O auxílio emergencial não atende as necessidades básicas dos trabalhadores. No mês de fevereiro, a cesta básica em São Paulo, que é a mais cara do país, atingia o valor de R$ 517, 51, conforme dados do Dieese. Este dado reflete que aos trabalhadores, em um momento em que o acesso às atividades laborais é privado, o auxílio econômico que o governo oferta mal atinge o valor da cesta básica. O governo, ao estabelecer este valor, ignora que o trabalhador contrai dívidas com água, luz, remédios, gás, combustível, telefone, internet e manutenção de sua moradia.
No outro polo, o ministro Paulo Guedes libera R$ 1,2 trilhão para os bancos com o discurso de manter a “liquidez” no mercado. A real intenção de Guedes é manter a taxa de lucro do sistema financeiro e, deste modo, ampliar ainda mais o abismo econômico e social entre burgueses e proletários. Vale lembrar que os bancos no Brasil lucraram R$ 86, 6 bilhões em 2019, com um aumento de 18,4%, conforme a Confederação Nacional das Instituições Financeiras (CNF). Este valor é superior ao PIB de dez estados brasileiros em 2017 (Acre, Alagoas, Amapá, Paraíba, Piauí, Rio Grande do Norte, Rondônia, Roraima, Sergipe e Tocantins). Este valor também é maior do que seis dos dez maiores PIBs por municípios no Brasil (Curitiba, Osasco, Porto Alegre, Manaus, Salvador e Fortaleza), conforme dados do IBGE. Os dados de 2017 foram divulgados pelo governo em 2019.

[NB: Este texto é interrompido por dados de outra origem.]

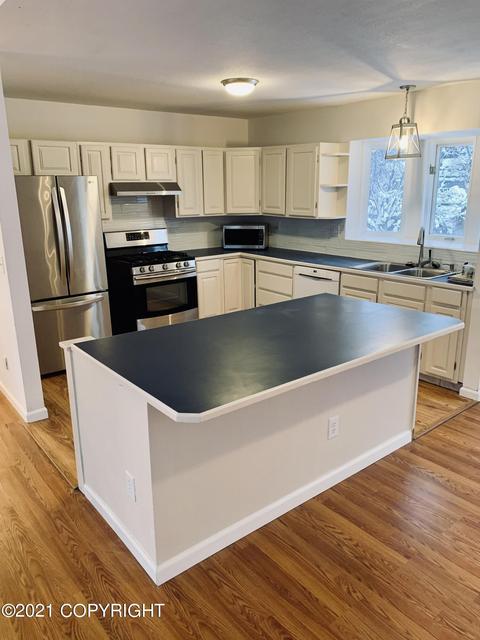 7227 Bern St, Anchorage, AK 99518 photo 16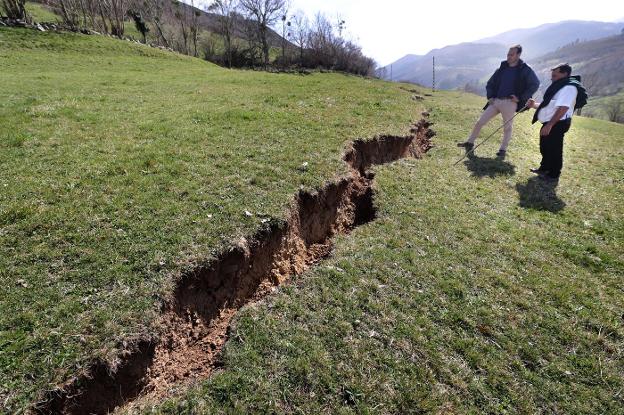 «Cada vez es más grande. El día que llueva baja toda la tierra a la carretera»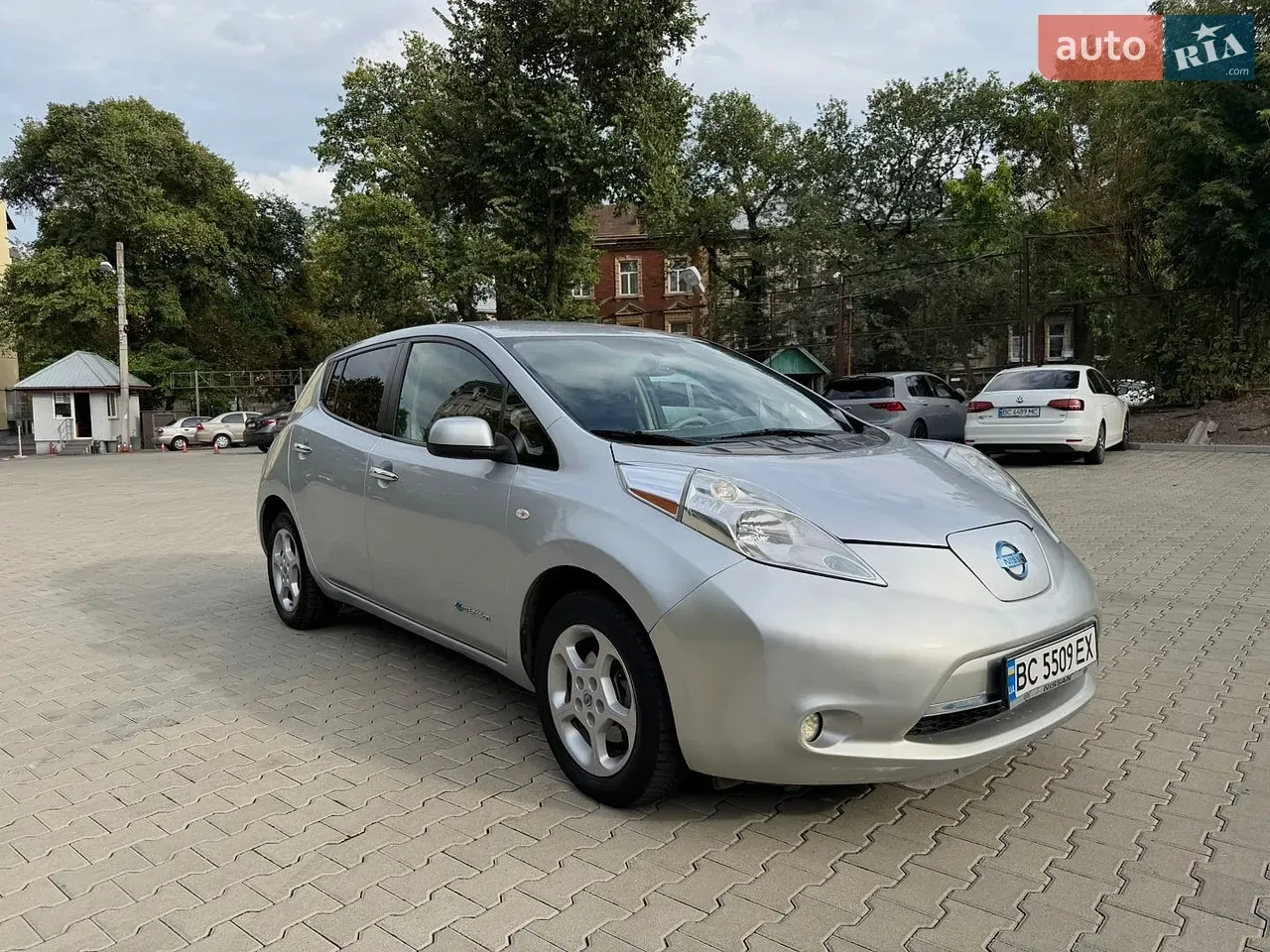 Nissan Leaf 2011 photo 2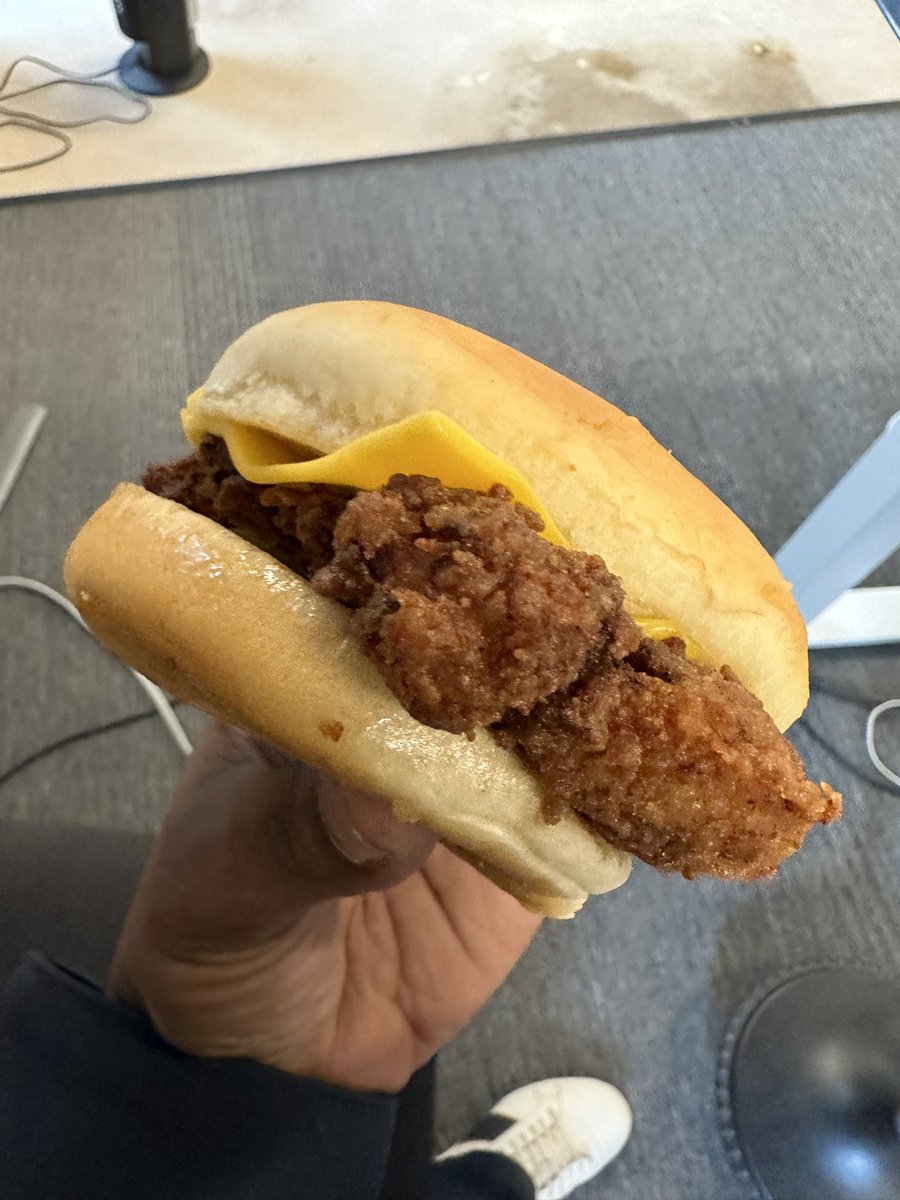 AlexMoore100's tweet photo. @ChickfilA you have a winner in the Cauliflower sandwich. It gives me a reason to order from you, otherwise as a non-meat eater, I keep driving. Hopefully it makes it to the standard menu! https://t.co/gCaeBm7IwN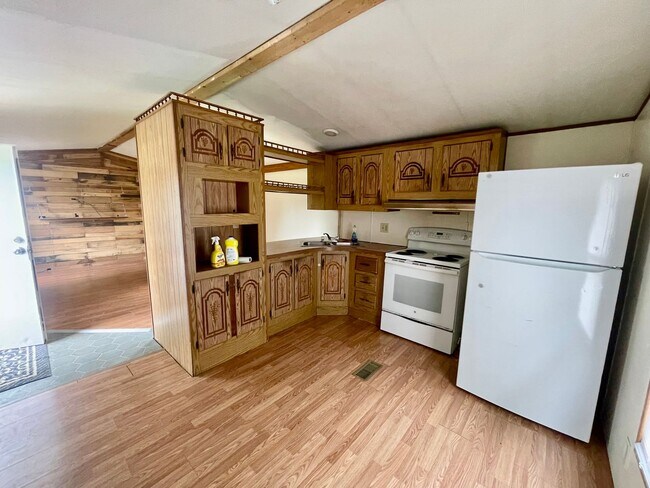Foto del edificio - 2 Bed 1 Bath- Aliquippa PA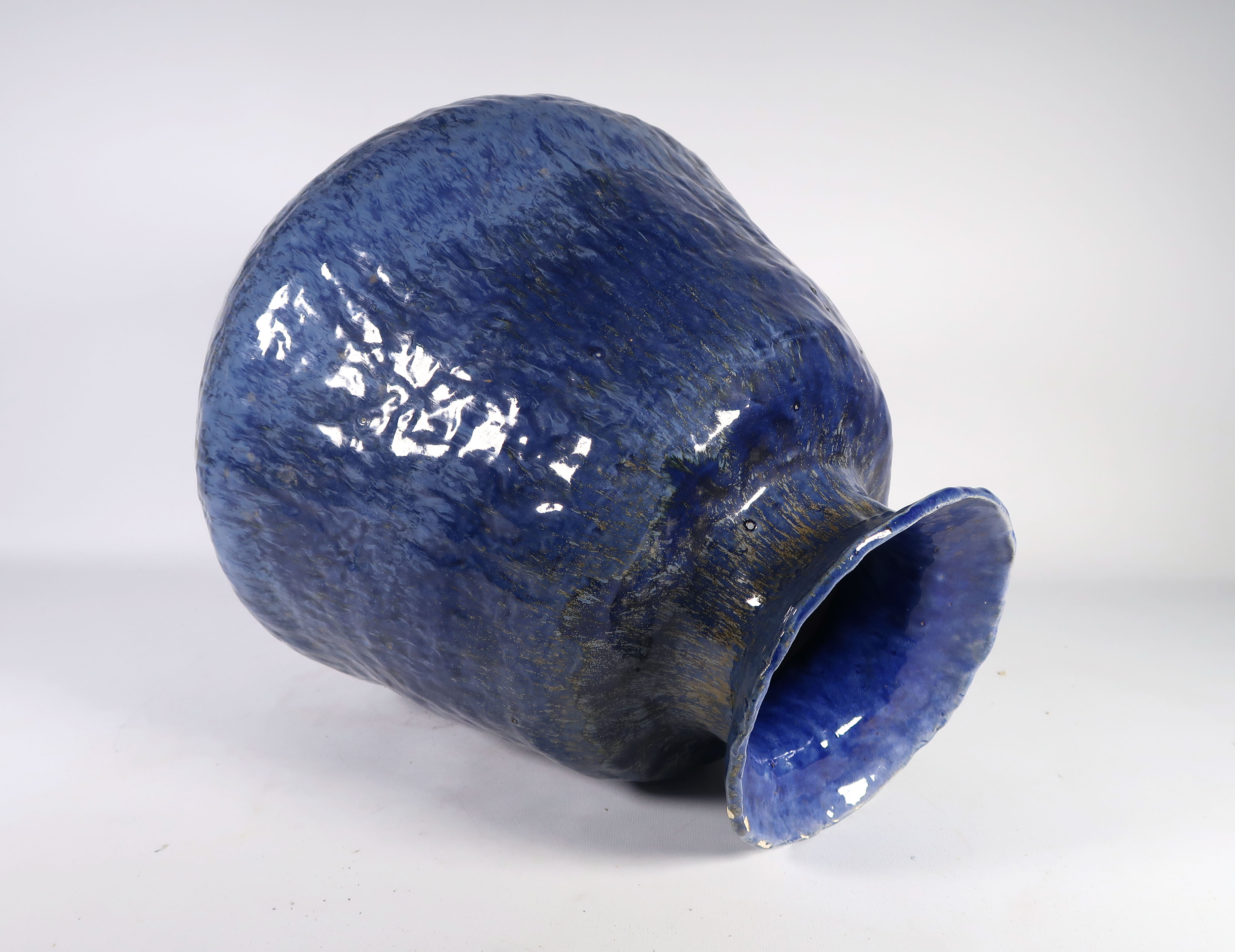 Peter von Hartsvelt Müller - Aardewerk, Blauw geglazuurde vaas (Groot) kopen? Bied vanaf 35!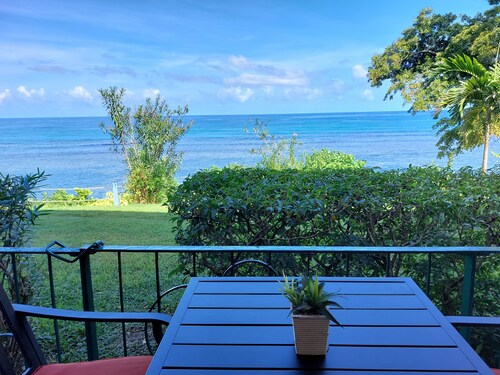 Contemporary Ocean view 2bed Carib Ocho Rios Condo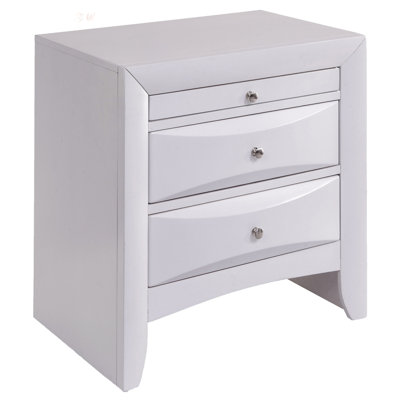 Table de chevet élégante et durable avec deux tiroirs spacieux et un plateau supérieur pour un accès facile, parfait pour les chambres modernes.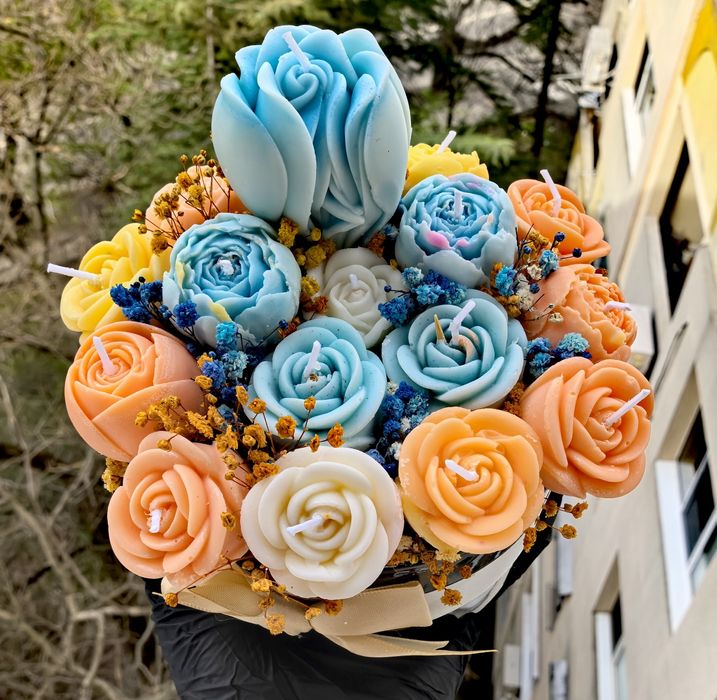 Букети от соеви свещи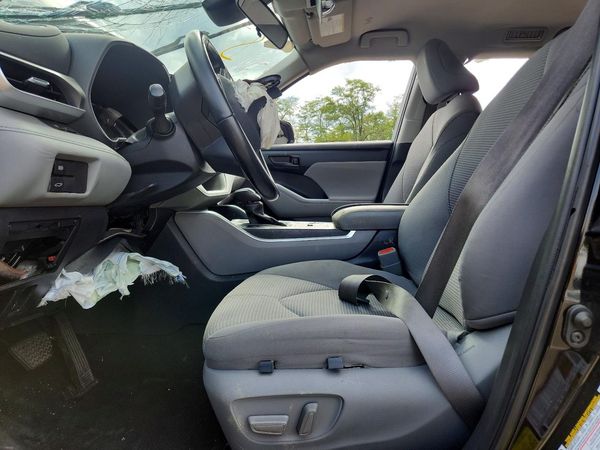 2023 TOYOTA HIGHLANDER LE — DENT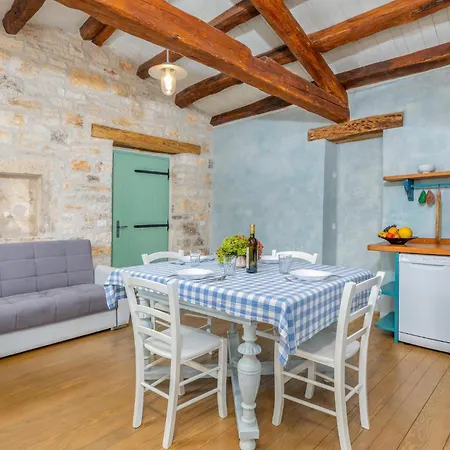 Apartment 1 Bedroom Beautiful In *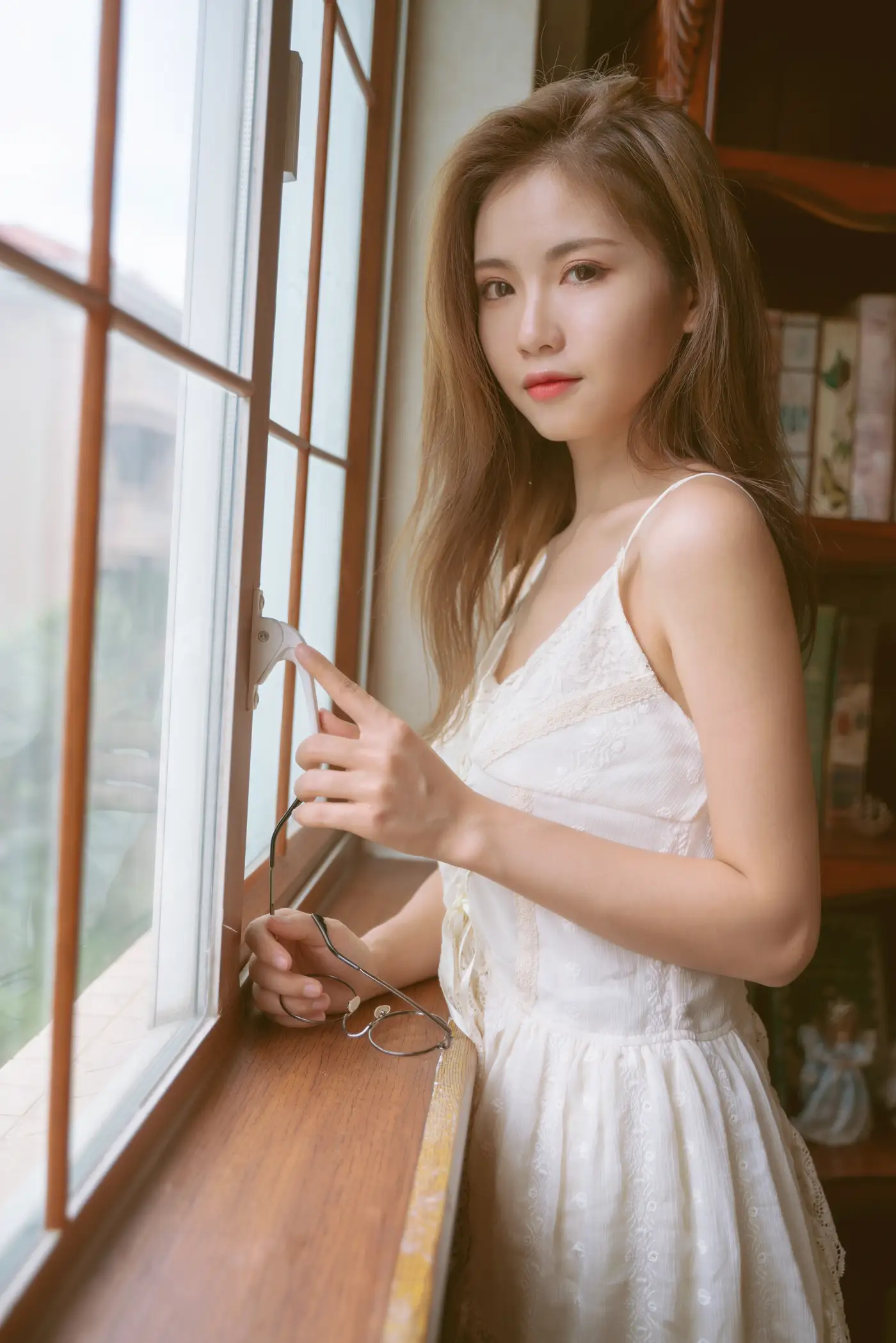 [艺图语] 2021.11.08 Vol.426 – 白裙少女 素素#[25P]-1
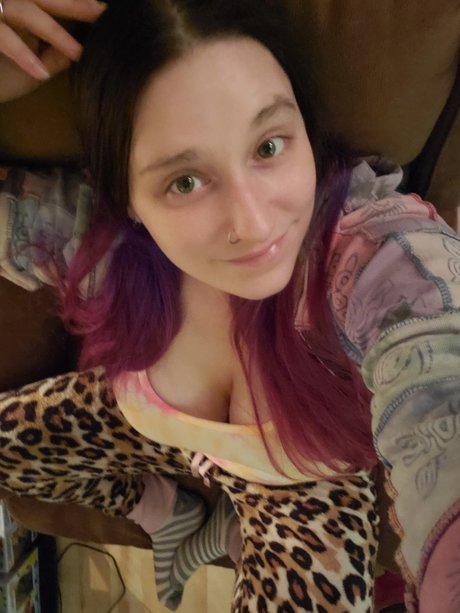 Nahá fotka uniklých OnlyFans od Rhiannon Exotic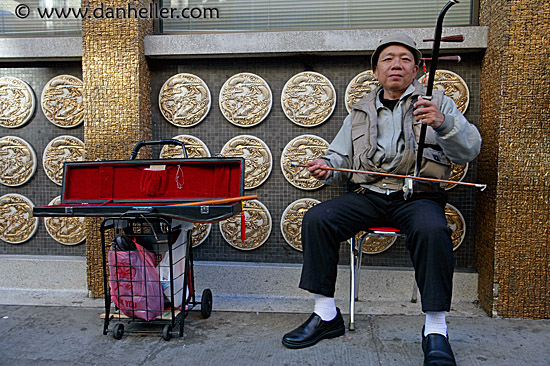 erhu-man.jpg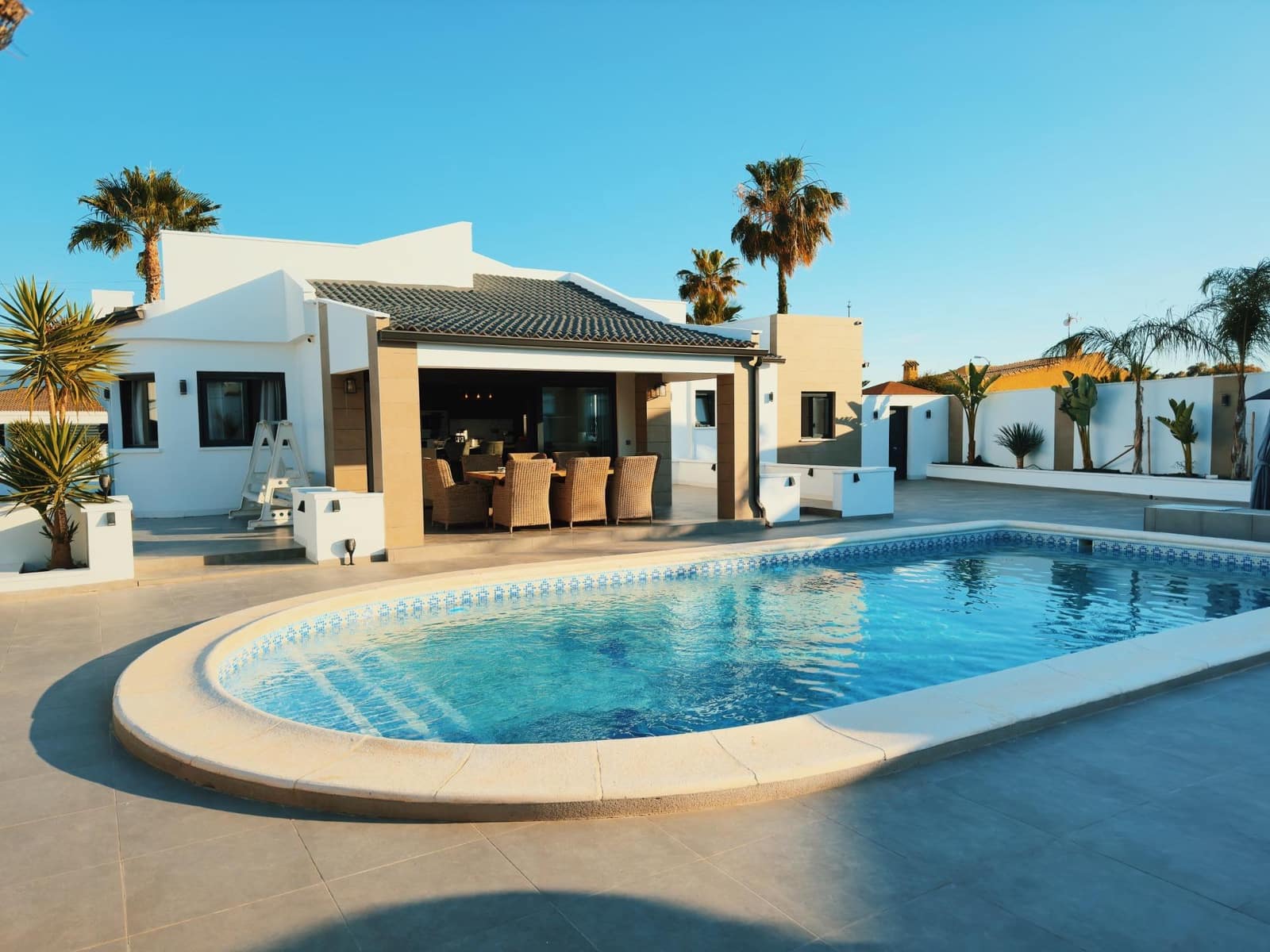 5 chambre Villa/Maison à vendre à El Chaparral avec piscine - 870 000 € (Ref: 8992752)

A partir destes dados podemos observar que a “saúde financeira” dos bancos e da burguesia é muito melhor do que em grande parte do território brasileiro e Guedes não pretende diminuir essa disparidade. Confirmando o que Marx dizia: “O governo do Estado moderno não é se não um comitê para gerir os negócios comuns de toda a classe burguesa”.
2-Apontamento político
O período da pandemia ressaltou alguns aspectos da política brasileira. Aspectos estes que, ao longo dos últimos anos, vem conduzindo o país em uma profunda crise política com grandes impactos à classe trabalhadora.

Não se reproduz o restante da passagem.